We can define a configuration as an invariant function of a set of sensation vectors, thus implying particular computing properties common to these different input functions: They abstract invariant relationships so that the third-order signals will change only if sensation vectors on which they are based change in certain ways. Kinesthetically, this might mean that a hand-body configuration would be perceived as the same despite varying levels of effort and despite changes in orientation of the connecting arm relative to the body. Visually, it might mean perceiving the separation of two points as constant regardless of the direction of the line joining them in space and regardless of the amount or color of illumination. (B:CP 2005:122)
This is a general-purpose function. We can define a transition as an invariant function of a set of configuration values so that the fourth-order signals change only if third-order signals on which they are based change in certain ways. A configuration is the same regardless of changes including rotation and translation. A transition is perception of such a change (singular) as such. Like a configuration, it has boundaries, a beginning and an end, but these are not temporal boundaries. Just as the boundaries of a configuration are made of edge perceptions, the boundaries of a transition are configuration perceptions. Indeed, there can be a transition from one configuration to another, though it is perceived as ‘the same’ albeit changed in shape (not so different from e.g. rotation of a configuration).

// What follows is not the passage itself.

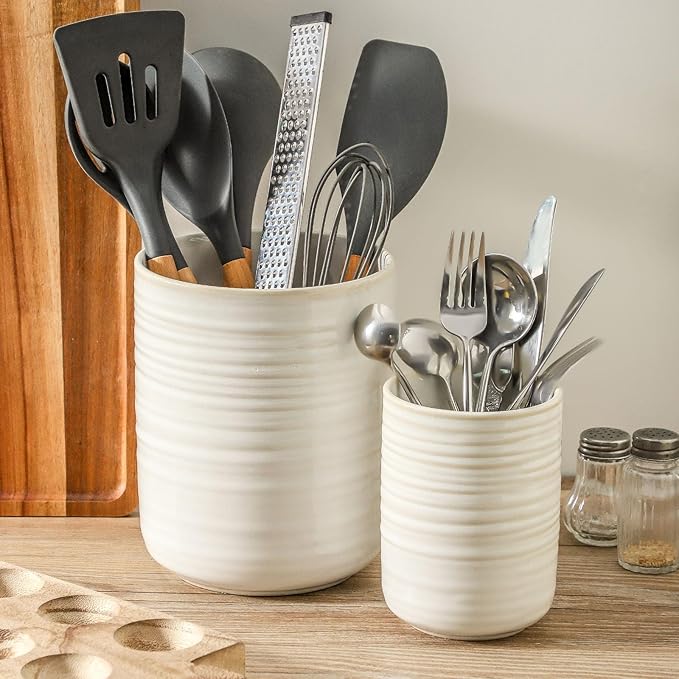 HASENSE Cooking Utensil Holder, 7.4"+5.5" Ceramic Kitchen Utensil Holder for Counter, Rustic Utensil Oganizer Crocks for Spatula, Ice Bucket Gift for Dad, Set of 2, Clay-Infused White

A relationship is an invariant function of two (sets of) configuration values; and so on. What differs is not the general-purpose analog function, but rather the inputs that are brought into a unitary signal by that function.
The primitive function of the cerebellum, analog computation for orientating the body and configuring it by orienting its parts, serves not only for perception and control of other physical configurations [objects] in the environment but also at higher levels of the hierarchy for non-physical ‘configurations’ [concepts] which can be represented by physical configurations such as tangrams and Feynman diagrams. The “invariant function of a set of” perceptual signals of order n defines a ‘configuration’ of them at order n+1. The architecture of the cerebellum seems fit for this, and all cortical functions seem to send signals on a loop through the cerebellum on their way to the thalamus and thence back up to the cortex. These pathways through the granular layer and the Purkinje layer could map inputs and outputs in both directions. I delved into this for my “Go Configure” presentation to the 2022 IAPCT conference.
I am going to have to concentrate intensively on the Achumawi language for the remainder of the month, which my NSF grant pays me to do; conference activities and householder responsibilities have interfered greatly with that and amends are overdue. Not to mention holidays coming. But I’ll try to keep an eye on discussions and check in later.